ASSIGNED TASK: Skip the pictures. Output only the lines below starting at the line with "Photo of Delicious" and ending at the line with "Minnesota Frost captain", both ends included, exactly as they are.

EXTRACTED INFORMATION:
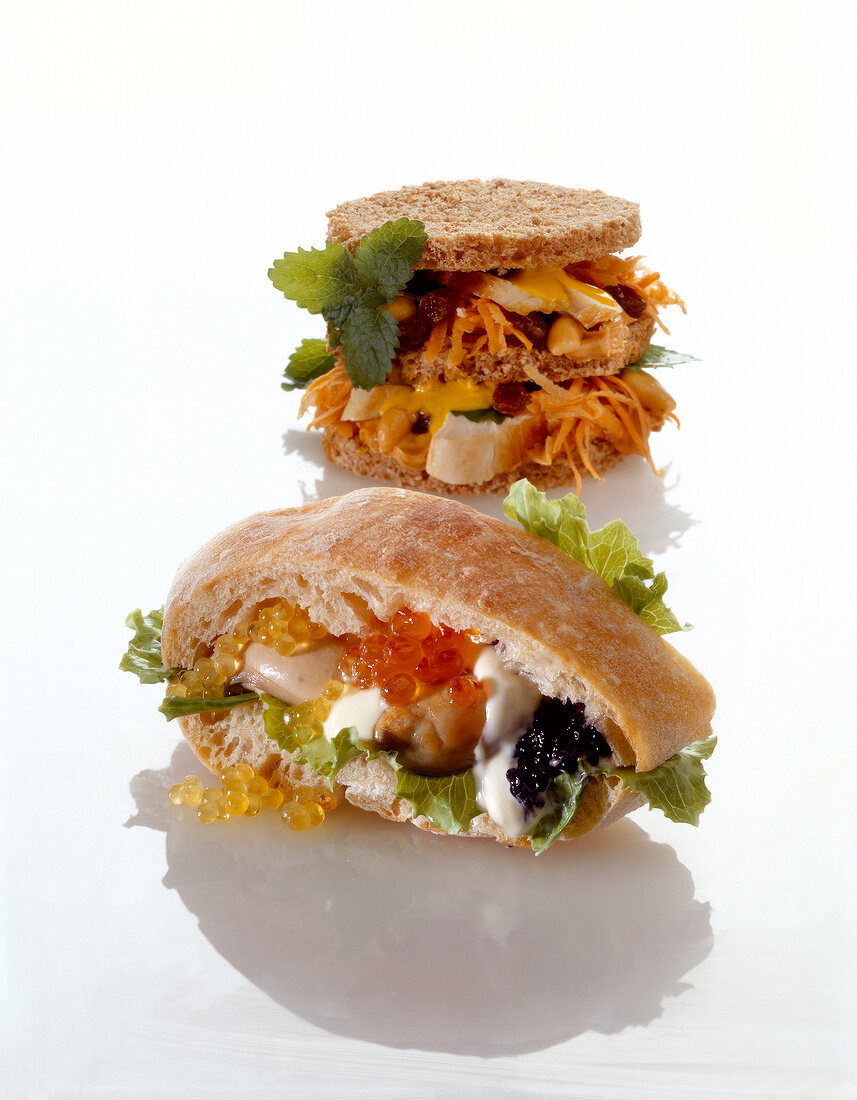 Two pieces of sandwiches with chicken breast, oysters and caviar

--

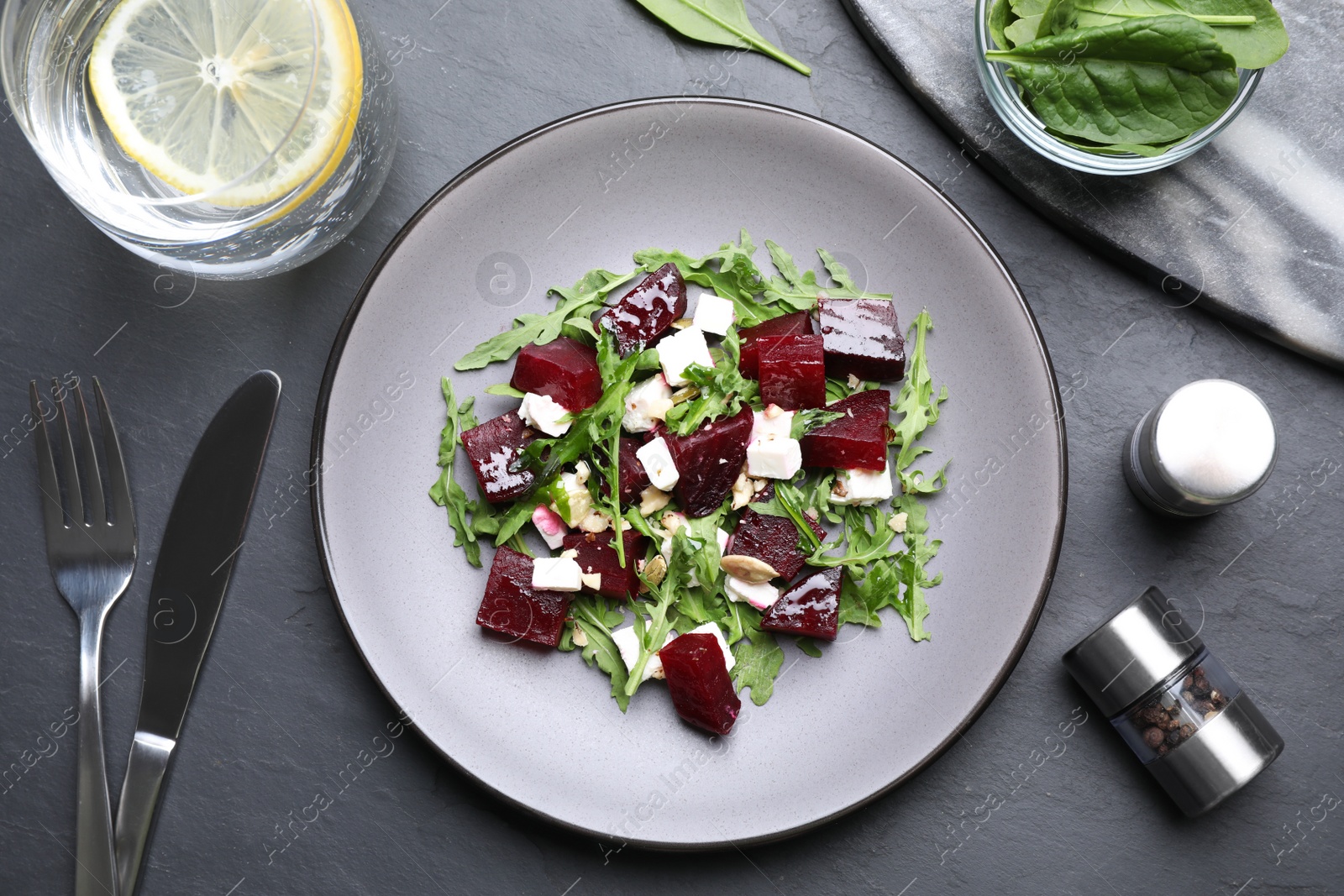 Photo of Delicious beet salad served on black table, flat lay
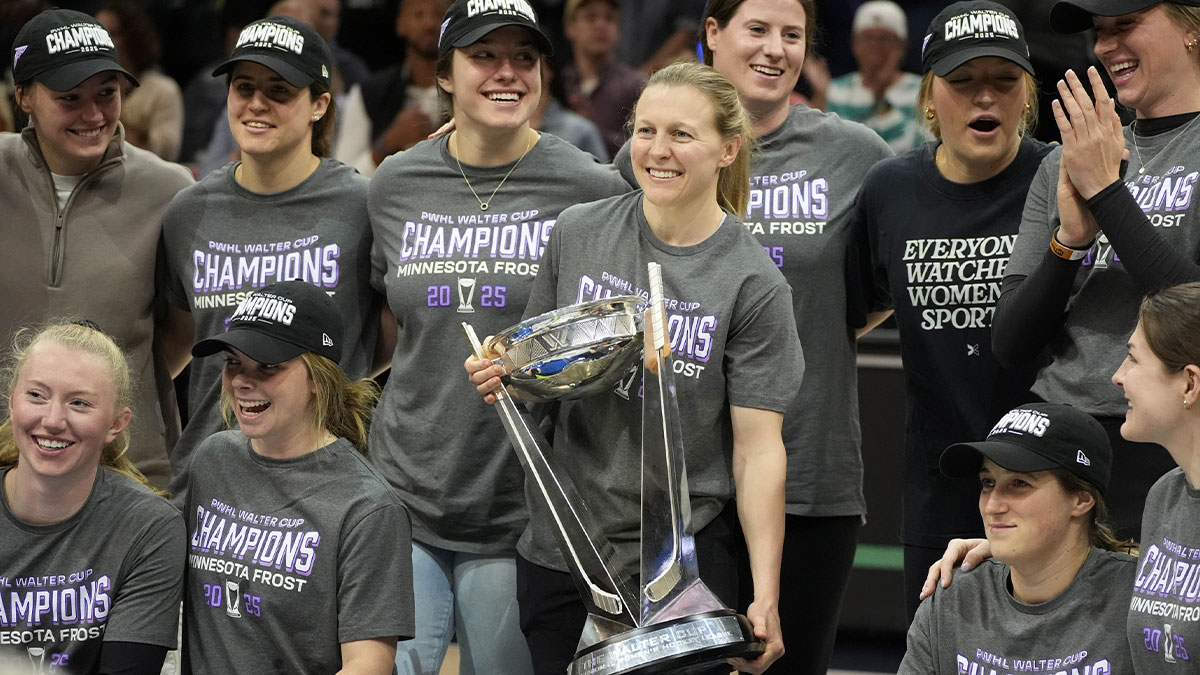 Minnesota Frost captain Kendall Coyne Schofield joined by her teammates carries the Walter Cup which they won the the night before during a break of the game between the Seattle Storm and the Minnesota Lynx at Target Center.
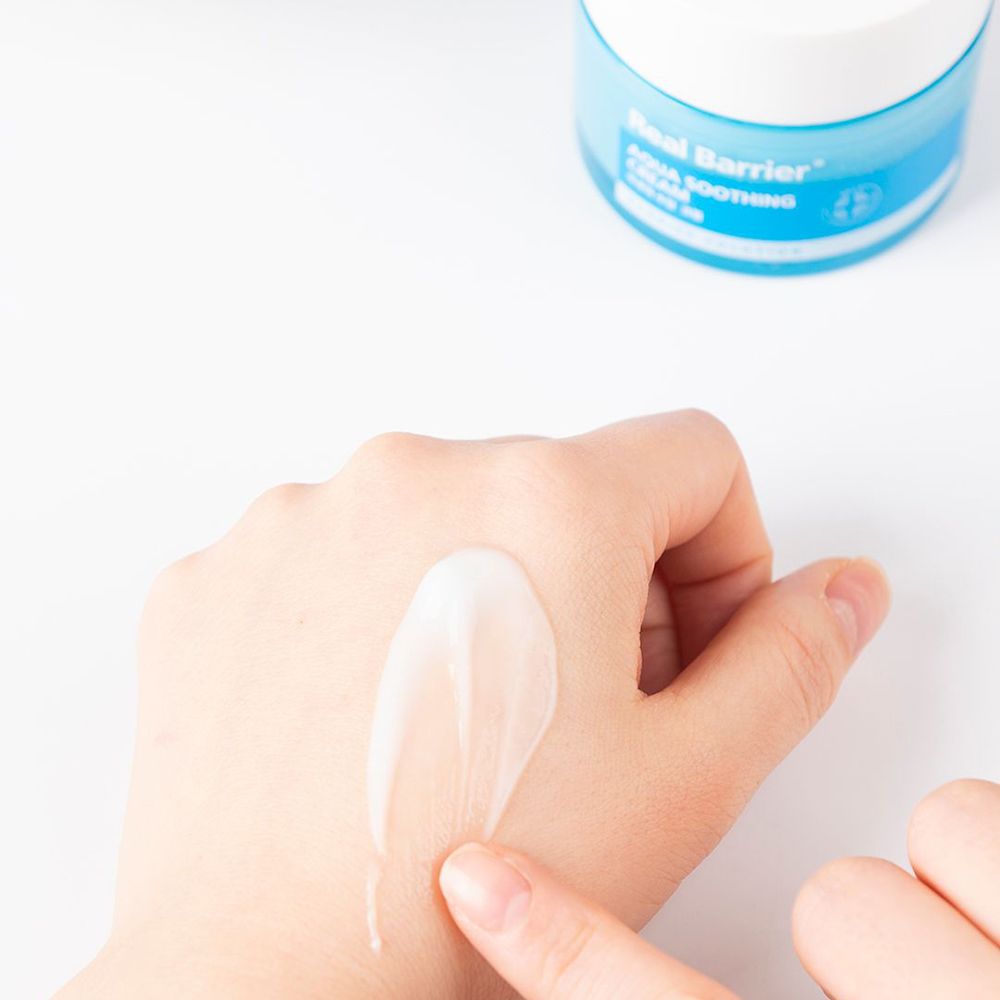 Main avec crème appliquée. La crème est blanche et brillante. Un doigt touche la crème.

SOLVED PROBLEM:
 Photo of Delicious beet salad served on black table, flat lay
 Minnesota Frost captain Kendall Coyne Schofield joined by her teammates carries the Walter Cup which they won the the night before during a break of the game between the Seattle Storm and the Minnesota Lynx at Target Center.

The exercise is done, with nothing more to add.